Data shown: Begin

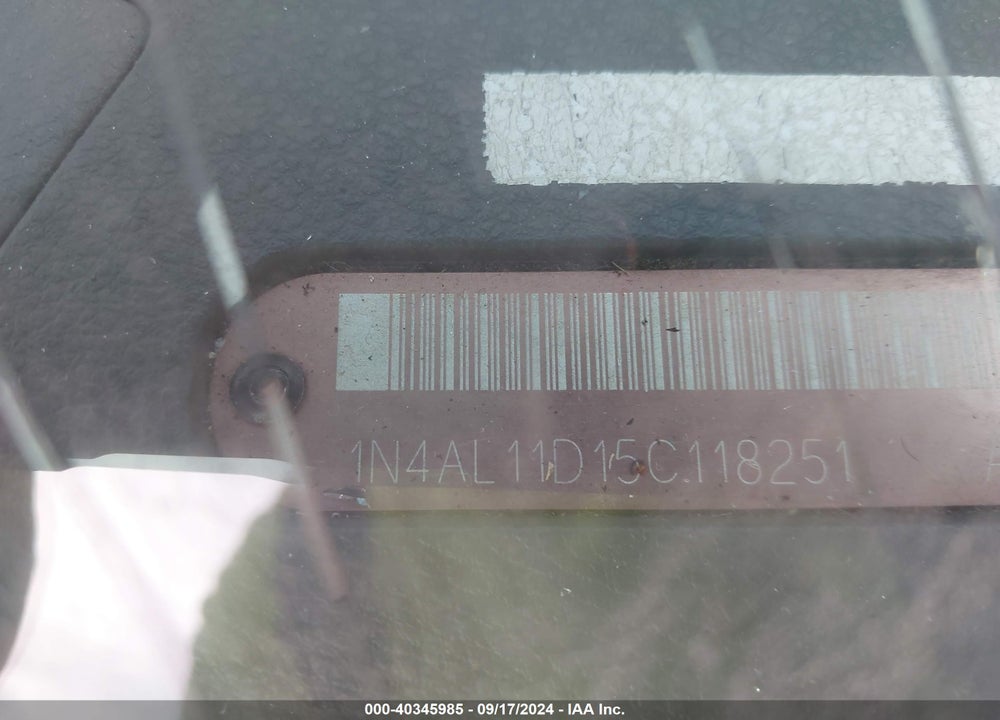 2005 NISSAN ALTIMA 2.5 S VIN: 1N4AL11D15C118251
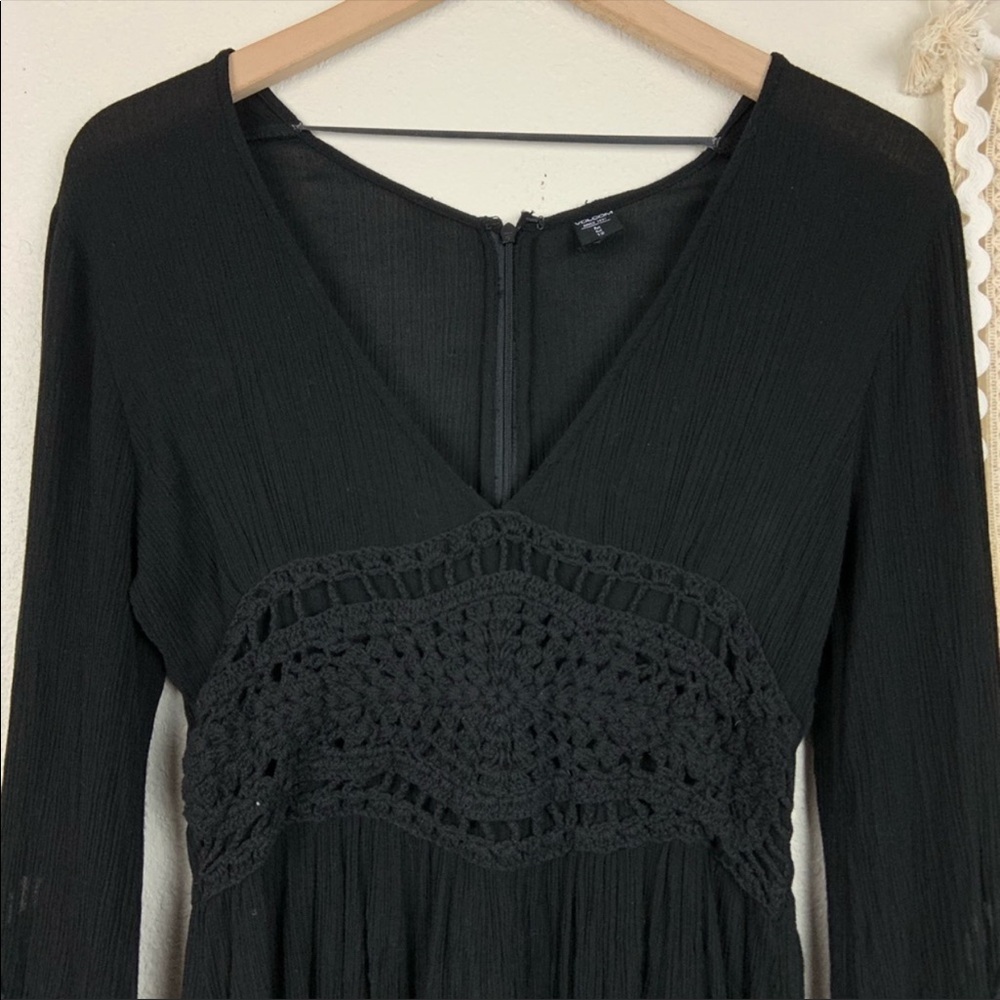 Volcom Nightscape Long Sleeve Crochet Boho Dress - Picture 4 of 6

Data shown: End
Data shown: Begin

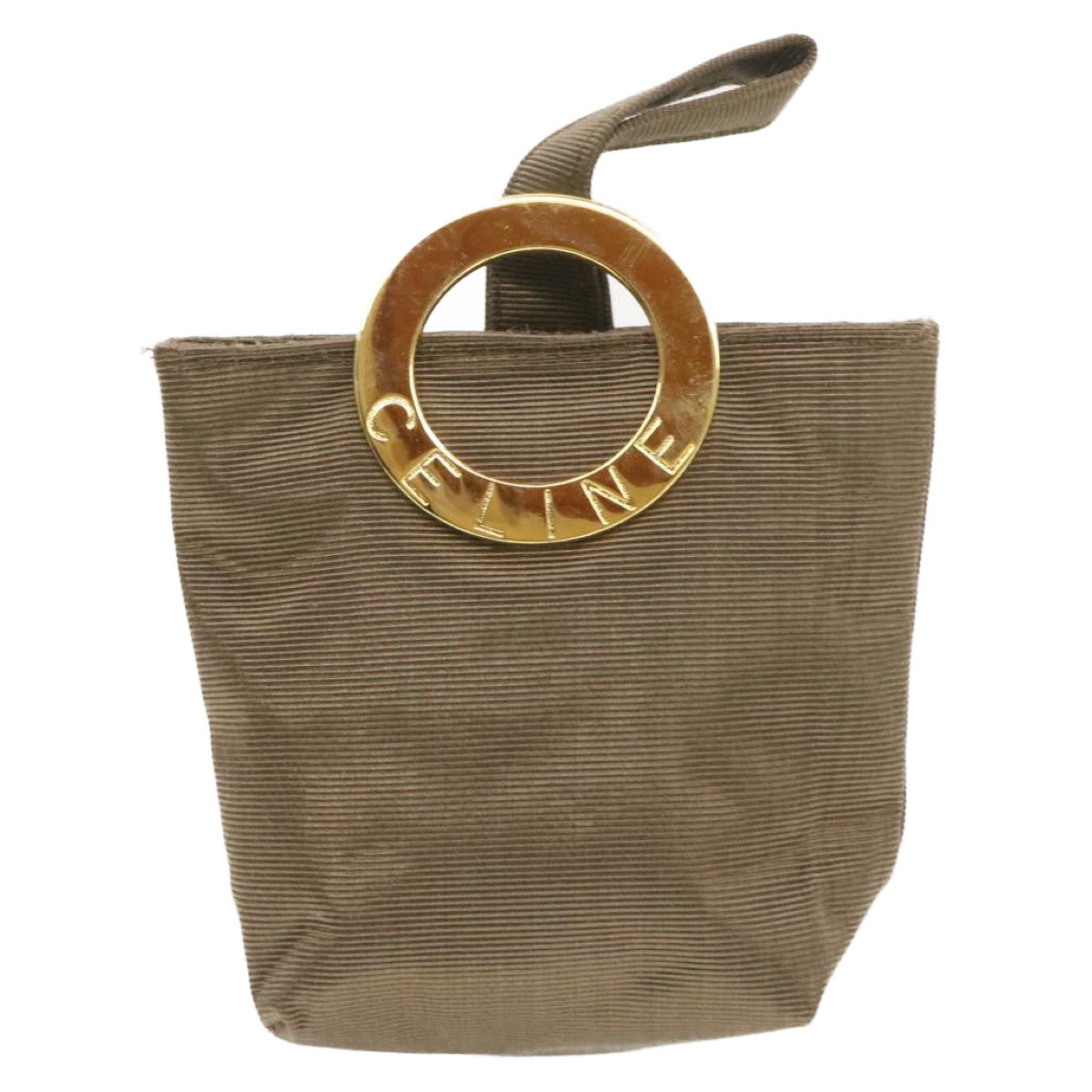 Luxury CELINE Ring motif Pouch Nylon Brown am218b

Data shown: End
Data shown: Begin

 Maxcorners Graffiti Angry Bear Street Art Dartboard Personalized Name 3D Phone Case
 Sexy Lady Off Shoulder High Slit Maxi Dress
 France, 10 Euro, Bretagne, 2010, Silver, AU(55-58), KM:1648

Data shown: End

▶ [Exercise aim]:
From the records above, quote word for word only the lines beginning at the line that has "2005 NISSAN ALTIMA" and stopping after the line that has "Volcom Nightscape Long". Omit the pictures.

▶ [Solution to this problem]:
 2005 NISSAN ALTIMA 2.5 S VIN: 1N4AL11D15C118251
 Volcom Nightscape Long Sleeve Crochet Boho Dress - Picture 4 of 6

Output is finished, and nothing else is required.